◆ **WORK REQUIRED**
Copy out, unchanged, every line from the start of the records to the line that contains "Sé Parte y Comparte", and stop there.

◆ **DATA FOR THIS EXERCISE**
========================================

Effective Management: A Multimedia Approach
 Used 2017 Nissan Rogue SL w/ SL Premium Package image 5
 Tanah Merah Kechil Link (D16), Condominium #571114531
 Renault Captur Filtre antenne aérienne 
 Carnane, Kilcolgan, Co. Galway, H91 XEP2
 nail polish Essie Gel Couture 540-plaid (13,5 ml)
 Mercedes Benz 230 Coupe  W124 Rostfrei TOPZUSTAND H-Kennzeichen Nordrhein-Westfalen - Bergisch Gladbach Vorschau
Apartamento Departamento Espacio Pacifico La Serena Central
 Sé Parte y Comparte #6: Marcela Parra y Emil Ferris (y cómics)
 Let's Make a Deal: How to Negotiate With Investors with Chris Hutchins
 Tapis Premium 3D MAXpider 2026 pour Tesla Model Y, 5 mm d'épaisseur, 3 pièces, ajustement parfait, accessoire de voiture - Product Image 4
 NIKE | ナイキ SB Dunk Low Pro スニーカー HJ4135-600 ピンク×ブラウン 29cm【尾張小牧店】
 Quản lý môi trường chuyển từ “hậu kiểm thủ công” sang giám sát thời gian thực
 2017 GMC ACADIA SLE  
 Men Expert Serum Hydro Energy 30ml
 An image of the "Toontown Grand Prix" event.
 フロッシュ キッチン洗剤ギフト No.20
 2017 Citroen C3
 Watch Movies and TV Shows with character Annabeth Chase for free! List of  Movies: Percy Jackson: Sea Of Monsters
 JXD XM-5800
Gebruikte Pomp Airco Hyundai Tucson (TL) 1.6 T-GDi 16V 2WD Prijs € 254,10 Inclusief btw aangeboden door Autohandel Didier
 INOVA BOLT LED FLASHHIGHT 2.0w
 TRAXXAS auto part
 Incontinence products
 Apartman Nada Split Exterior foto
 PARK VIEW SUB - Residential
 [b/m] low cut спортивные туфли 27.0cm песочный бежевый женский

========================================

◆ **ANSWER BOX**
Effective Management: A Multimedia Approach
 Used 2017 Nissan Rogue SL w/ SL Premium Package image 5
 Tanah Merah Kechil Link (D16), Condominium #571114531
 Renault Captur Filtre antenne aérienne 
 Carnane, Kilcolgan, Co. Galway, H91 XEP2
 nail polish Essie Gel Couture 540-plaid (13,5 ml)
 Mercedes Benz 230 Coupe  W124 Rostfrei TOPZUSTAND H-Kennzeichen Nordrhein-Westfalen - Bergisch Gladbach Vorschau
Apartamento Departamento Espacio Pacifico La Serena Central
 Sé Parte y Comparte #6: Marcela Parra y Emil Ferris (y cómics)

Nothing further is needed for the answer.